Follow the link for more information. Tintin and Snowy are following a cigars of the Pharaoh PDF within an Egyptian tomb.
Rudely interrupted from their holiday cruise, Tintin and Snowy suddenly find themselves embroiled in a dangerous gun-running, smuggling adventure! Dr Sarcophagus has uncovered the lost tomb of Kih-Oskh, but Tintin must discover the meaning behind the Pharaoh’s strange symbol, before it’s too late.
The Adventures of Tintin, the comics series by Belgian cartoonist Hergé. Following the publication of Tintin in America, Hergé had been keen to produce a mystery story, and had been inspired by the tabloid speculation surrounding an alleged Curse of the Pharaohs following the 1922 discovery of the tomb of Tutankhamun. Holidaying on a Mediterranean cruise ship, Tintin and his dog Snowy meet wealthy film director Rastapopoulos and eccentric Egyptologist Sophocles Sarcophagus. However, when the army storms their hideout, Tintin manages to elude the policemen.
Boarding a plane, he escapes Arabia but runs out of fuel over India, crashing into the jungle. He discovers Sarcophagus, who has become insane as the result of being injected with Rajaijah juice, „the poison of madness“. Tintin is hypnotised by a fakir and institutionalised in an asylum, which he soon escapes. The Taijitu symbol and the Kih-Oskh symbol. For his fourth Adventure, Hergé was eager to write a mystery story.

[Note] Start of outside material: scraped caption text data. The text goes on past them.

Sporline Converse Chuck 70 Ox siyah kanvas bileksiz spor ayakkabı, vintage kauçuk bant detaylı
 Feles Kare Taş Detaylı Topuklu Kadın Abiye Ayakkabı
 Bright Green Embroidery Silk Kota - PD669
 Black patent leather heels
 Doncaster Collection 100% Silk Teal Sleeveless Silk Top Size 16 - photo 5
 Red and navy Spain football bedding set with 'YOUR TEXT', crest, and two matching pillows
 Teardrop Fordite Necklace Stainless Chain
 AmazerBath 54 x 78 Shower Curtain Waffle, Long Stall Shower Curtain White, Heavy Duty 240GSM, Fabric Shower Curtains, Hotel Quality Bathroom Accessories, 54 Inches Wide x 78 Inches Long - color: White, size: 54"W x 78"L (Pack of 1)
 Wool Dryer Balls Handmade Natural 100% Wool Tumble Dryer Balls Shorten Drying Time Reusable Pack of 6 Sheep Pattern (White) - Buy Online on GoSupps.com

The 1930s saw mystery novels flourish across Western Europe with the success of authors like Agatha Christie and Ellery Queen. Hergé took influence from the published works of French adventurer and gunrunner Henry de Monfreid, particularly his books Secrets of the Red Sea and The Hashish Cruise. Having lived through the First World War, Hergé disliked arms dealers, and used Monfreid as the basis for the gunrunner character in Cigars. On 24 November 1932, Le Petit Vingtième published a fictional interview between Jamin and Tintin in which the reporter announced that he would be travelling to China via Egypt, India, Ceylon, and Indochina. Cigars of the Pharaoh saw the introduction of several characters who would gain a recurring role in The Adventures of Tintin.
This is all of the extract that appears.